Hughes, the home nations' most capped defender ever, is expected to make his 112th appearance for his country, just seven shy of equalling Pat Jennings' Northern Irish record.
Such is the 38-year-old's longevity with the Green and White Army, he shared a pitch in Panama with Everton teenager Shayne Lavery, a player who was born after he made his international bow in 1998.
Hughes is yet to determine whether he will carry on his career after this tour, though his club side Hearts have expressed a willingness to offer him fresh terms should he decide to continue.
"I would like Aaron to play as long as possible - he's so close to the record," O'Neill said.
"He can still play, hold his own, I've watched him in the Scottish Premiership this year. Aaron has earned the right to make that decision.
"I think the second half of the season has been good for him. The problem Aaron had was the frustration of the injuries. He was coming back, breaking down, he probably thought, 'I'm not proving to be much value to the club'. That's the type of guy Aaron is.
"I know they would be very keen for him to sign again at Hearts. I think it has to be right for him. I think he needs probably a wee bit of evaluation, 'Do I want to go on?'
"It's 20 years solid of first-team football, hotels, international football. Aaron, for me, is still capable of playing on, not only at club level but international level.
"I genuinely really hope he does.
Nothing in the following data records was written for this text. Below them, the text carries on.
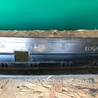ФОТО Подножка для Toyota Land Cruiser Prado 150 Киев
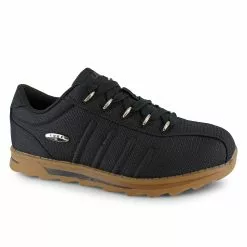 Lugz Changeover Ballistic II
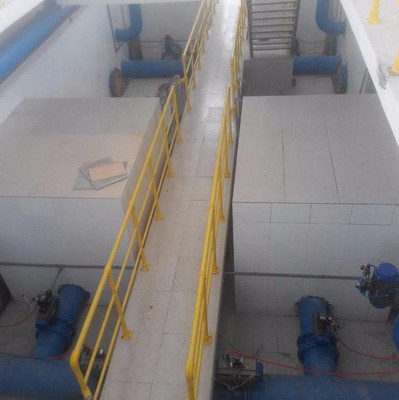 늄yTƹ,ض늄yTƹ,Һλ늄yTƹ,늄yTƹ,늄yTƹ, ˮSy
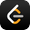 LeetCode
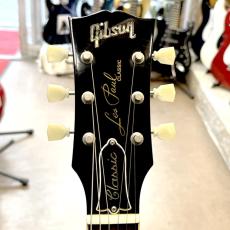 Gibson Les Paul Classic_5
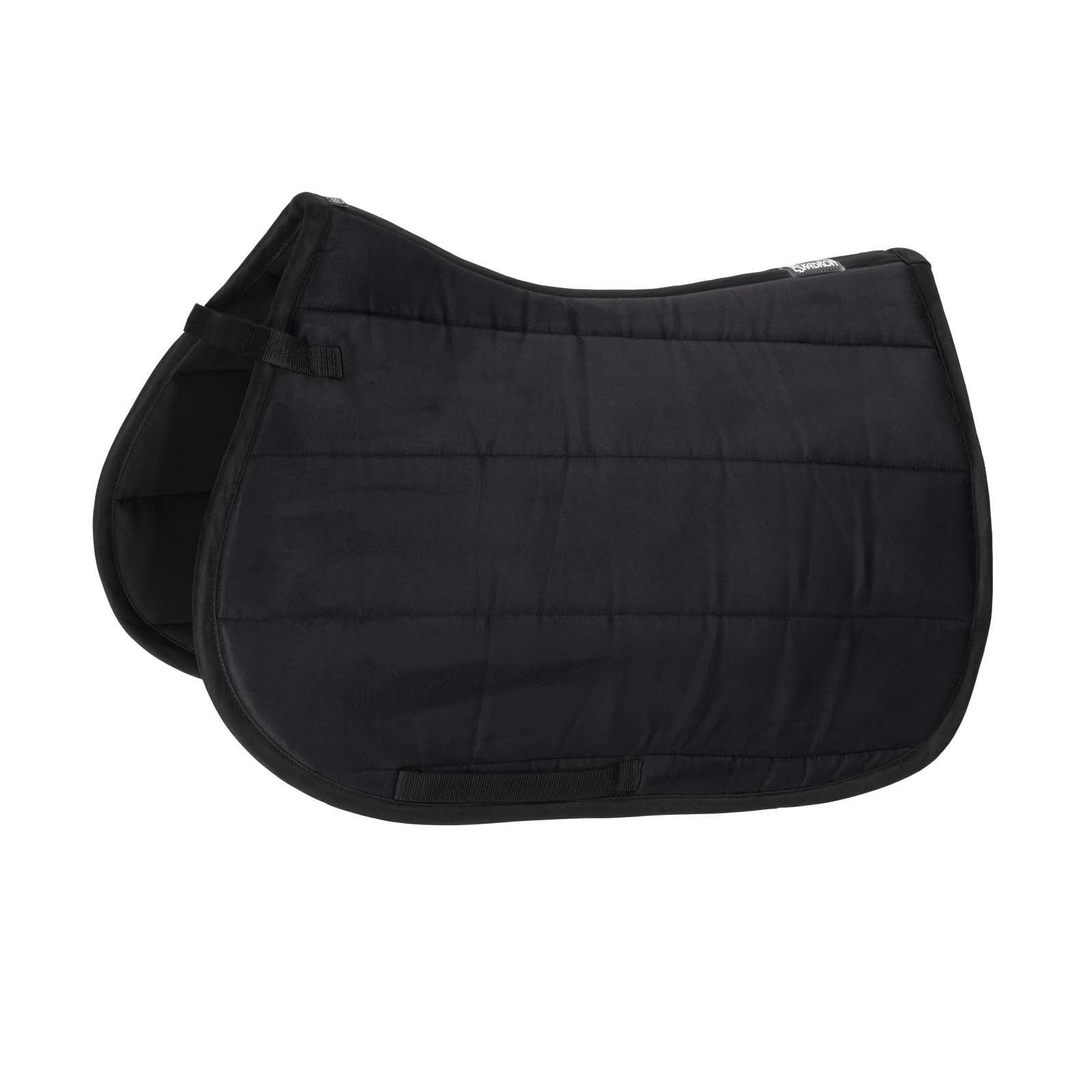 Eskadron Alca Polopad All Purpose Saddlepad Saddle Pads
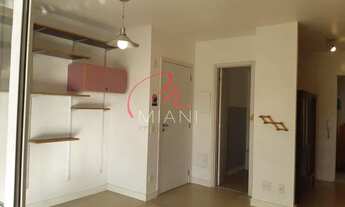 Imagem 6: Apartamento Garden, 110 m² em área residencial, para venda e locação, Vila Gomes, São Paul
If he made the decision to retire, I'd be disappointed because I want him in the squad but I also respect that what he's given us has been phenomenal."
O'Neill named his strongest possible team against the Panamanians and is likely to bring the youngsters off the bench again having given three players their debuts on Tuesday night.
Of those, Jordan Thompson is searching for a new club having been released by Rangers and Shayne Lavery is yet to make his senior debut for Everton.
"We don't want to just give the guys game time for the sake of it, they have to earn it," O'Neill said of blooding his youngsters.
"We're hoping that this is the first step of many, having had a taste of it it just gives them that wee incentive to go back to their clubs and really push."
One player not in Central America that O'Neill is hoping can also obtain regular first-team football is Norwich goalkeeper Michael McGovern.
One of the Northern Irish stars at Euro 2016, he was his country's first-choice stopper during the qualifiers despite only featuring once for Norwich last season, but the emergence of Trevor Carson and Bailey Peacock-Farrell has provided McGovern with some genuine rivals.
"For his own well-being, mentally in his career, he needs to get out and play and I think he's actively looking to do that," O'Neill said of McGovern.
"He's desperate to play, he's not just going to sit there. It will be an interesting summer.
"He knows if he doesn't play his place in the international team will be under threat if there's other goalkeepers playing.
"Michael's still very much the goalkeeper that, once he's playing, it's up to the other goalkeepers to try and dislodge him."